DATASET ENTRIES =>
※

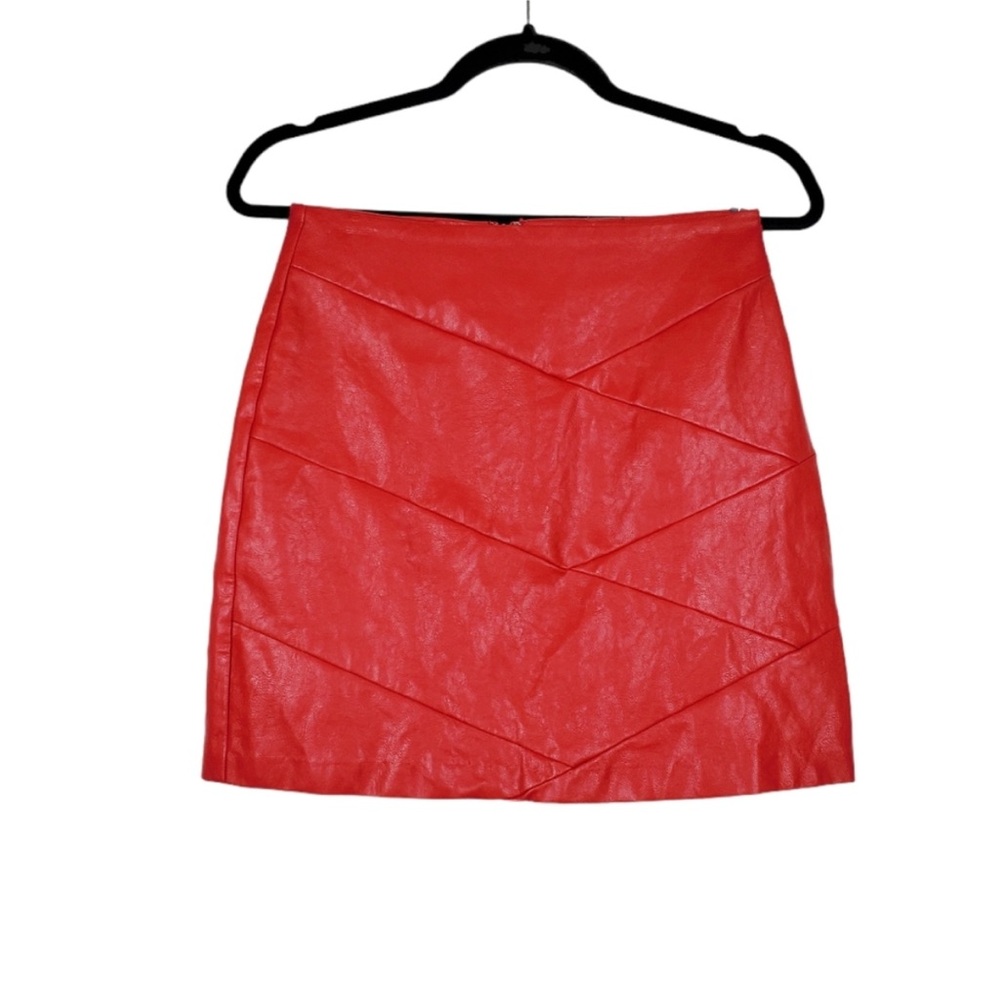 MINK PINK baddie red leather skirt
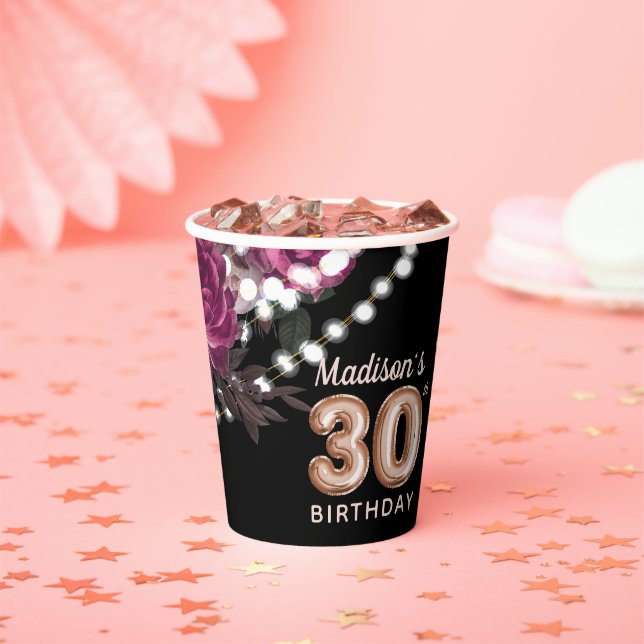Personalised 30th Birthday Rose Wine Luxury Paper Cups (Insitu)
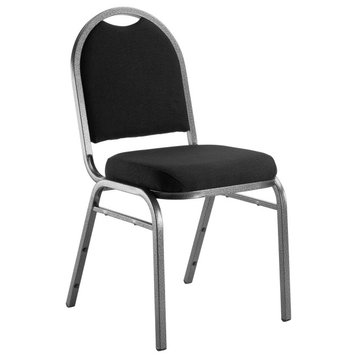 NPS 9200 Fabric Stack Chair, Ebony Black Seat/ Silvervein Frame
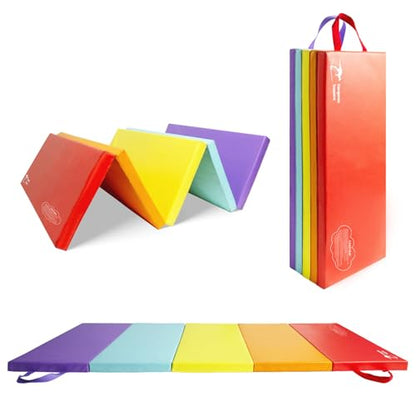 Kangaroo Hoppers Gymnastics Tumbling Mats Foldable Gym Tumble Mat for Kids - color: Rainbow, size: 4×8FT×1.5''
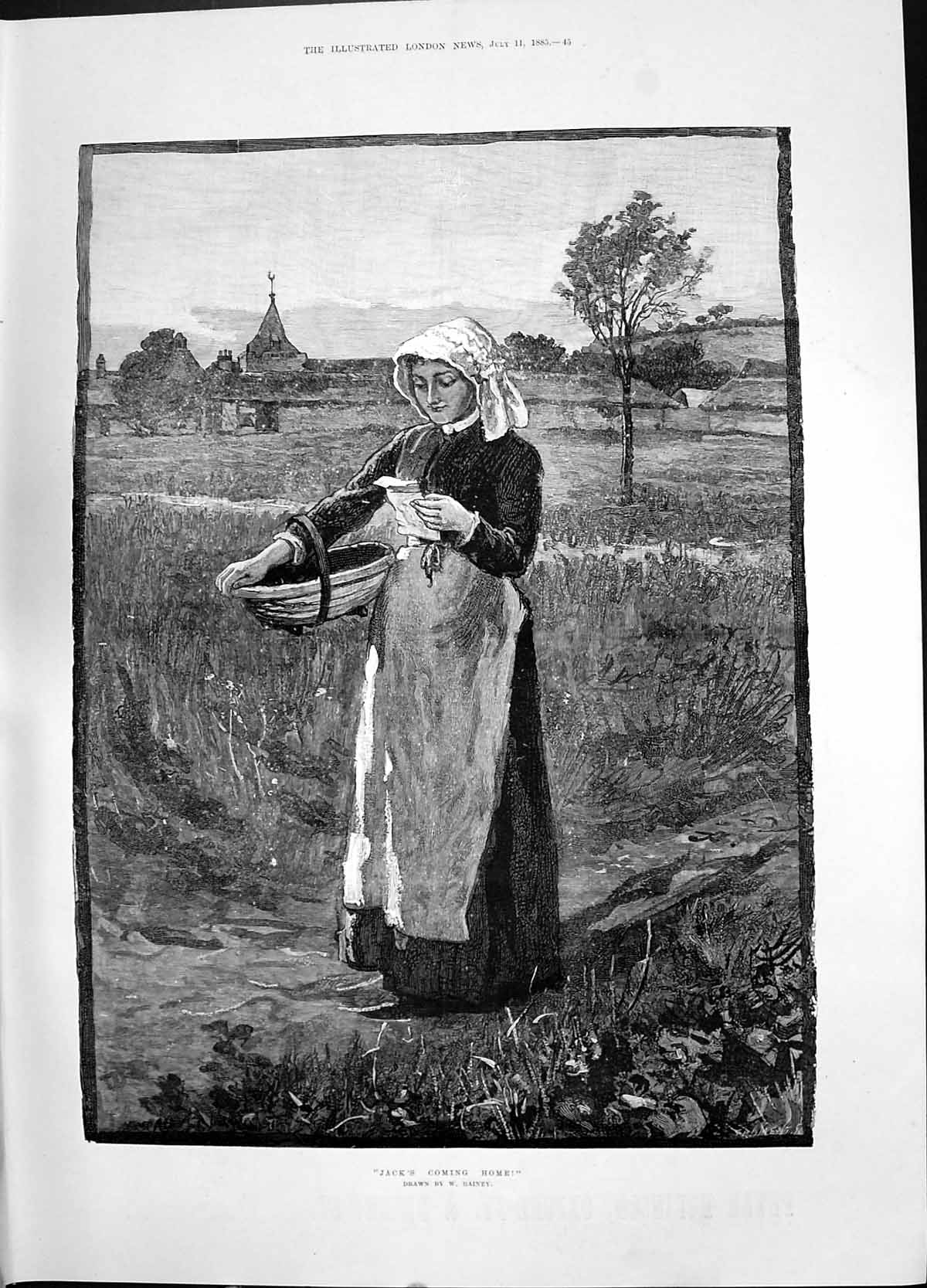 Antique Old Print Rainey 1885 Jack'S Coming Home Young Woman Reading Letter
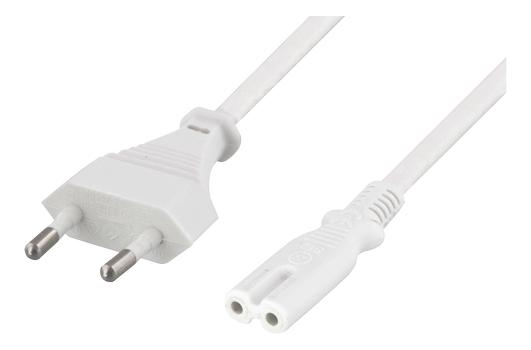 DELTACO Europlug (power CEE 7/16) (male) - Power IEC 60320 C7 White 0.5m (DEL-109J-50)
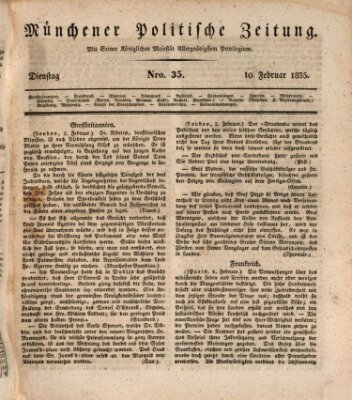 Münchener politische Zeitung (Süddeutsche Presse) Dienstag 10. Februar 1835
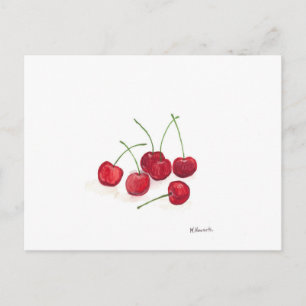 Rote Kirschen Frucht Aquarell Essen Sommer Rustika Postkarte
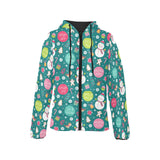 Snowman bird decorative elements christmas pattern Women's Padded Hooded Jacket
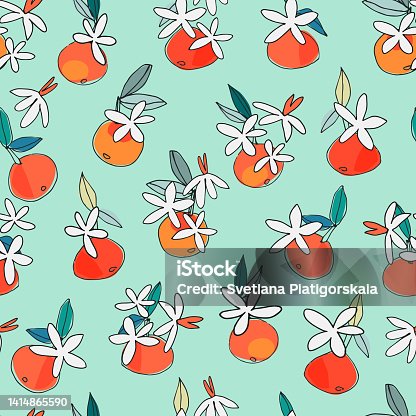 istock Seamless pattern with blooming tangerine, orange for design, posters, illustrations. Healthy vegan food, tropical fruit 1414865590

※

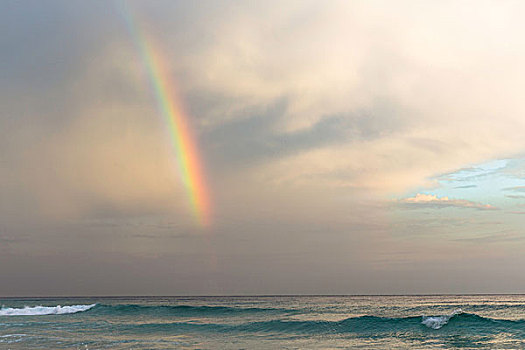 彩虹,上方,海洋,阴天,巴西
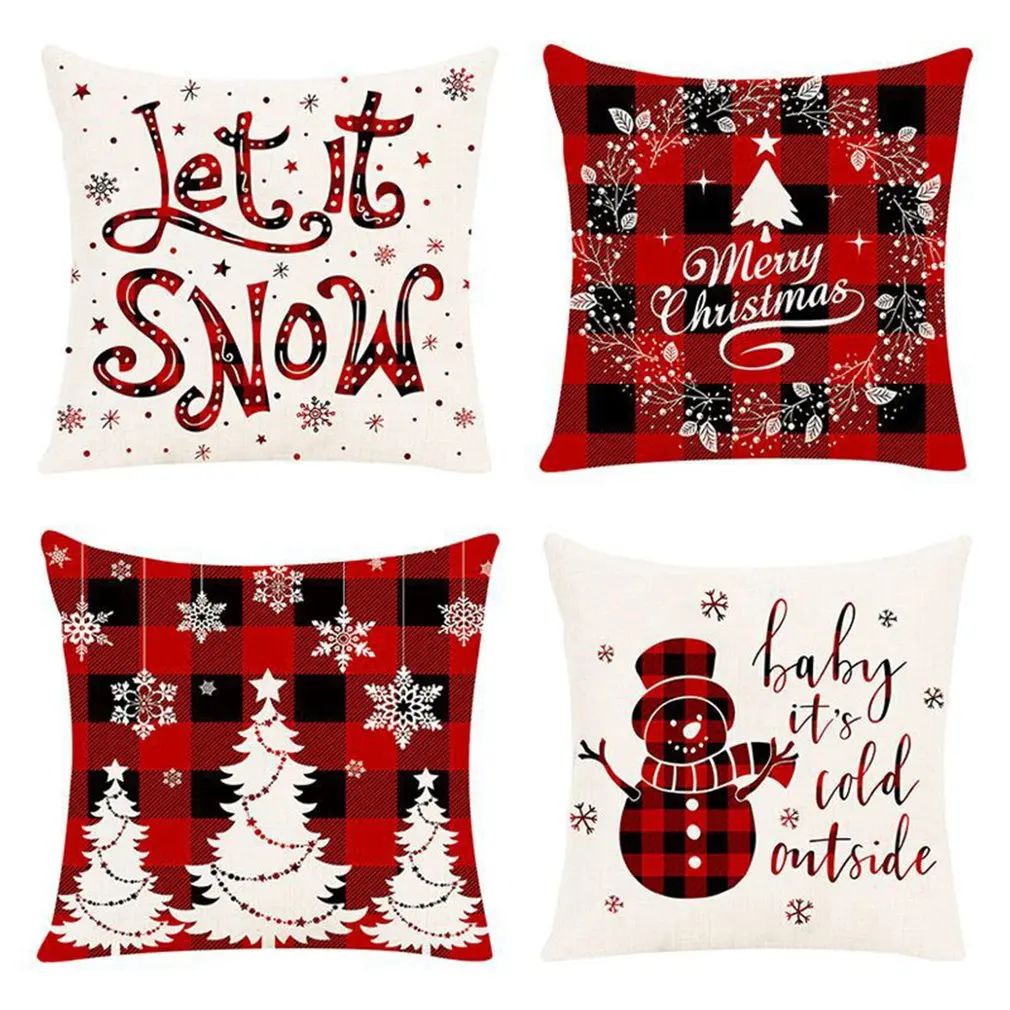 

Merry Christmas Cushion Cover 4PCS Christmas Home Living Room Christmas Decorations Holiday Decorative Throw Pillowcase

※

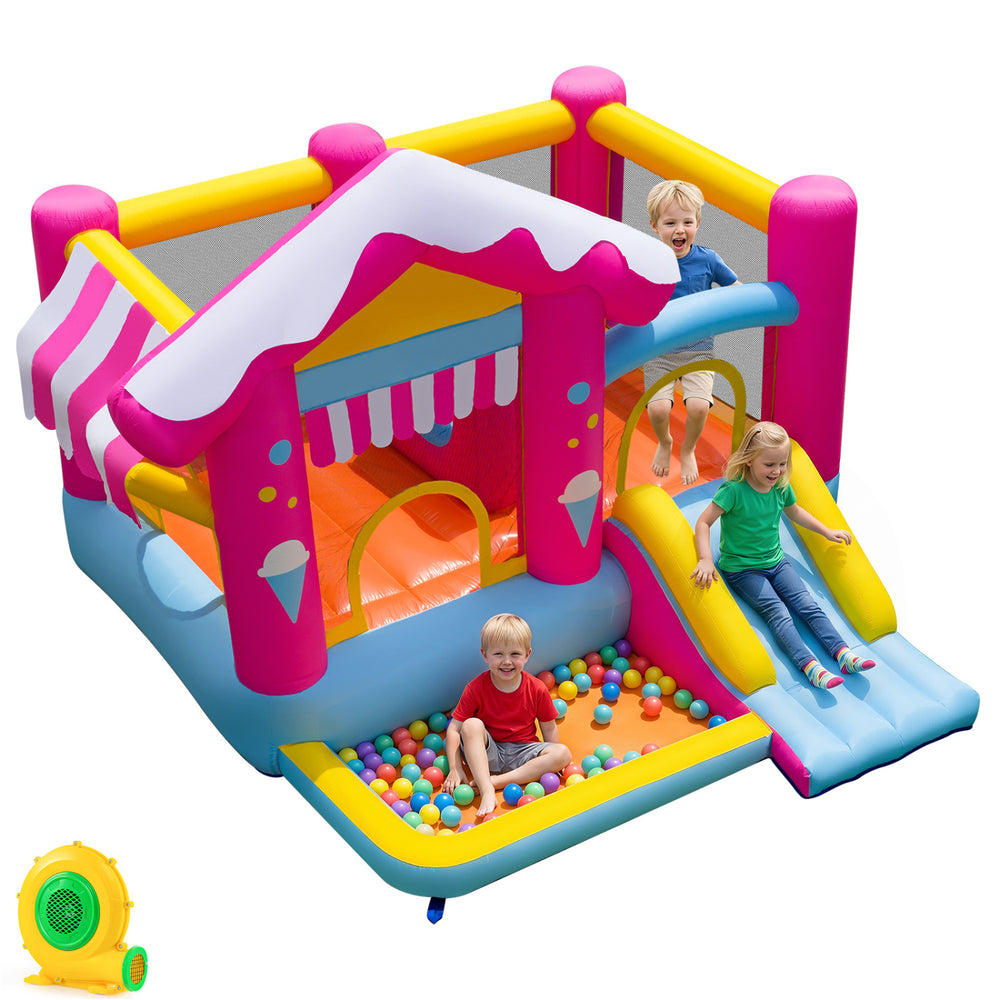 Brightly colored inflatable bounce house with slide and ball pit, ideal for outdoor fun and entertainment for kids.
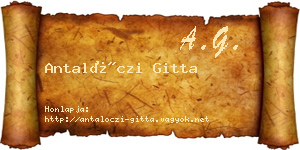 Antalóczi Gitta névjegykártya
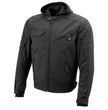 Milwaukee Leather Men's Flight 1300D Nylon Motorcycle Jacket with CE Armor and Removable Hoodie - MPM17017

※

EXERCISE INSTRUCTIONS =>
Please return the material above only from the line that holds "Brightly colored inflatable" through the line that holds "Milwaukee Leather Men's", exactly as it stands, ends included and pictures omitted.

TASK SOLUTION =>
 Brightly colored inflatable bounce house with slide and ball pit, ideal for outdoor fun and entertainment for kids.
 Antalóczi Gitta névjegykártya
 Milwaukee Leather Men's Flight 1300D Nylon Motorcycle Jacket with CE Armor and Removable Hoodie - MPM17017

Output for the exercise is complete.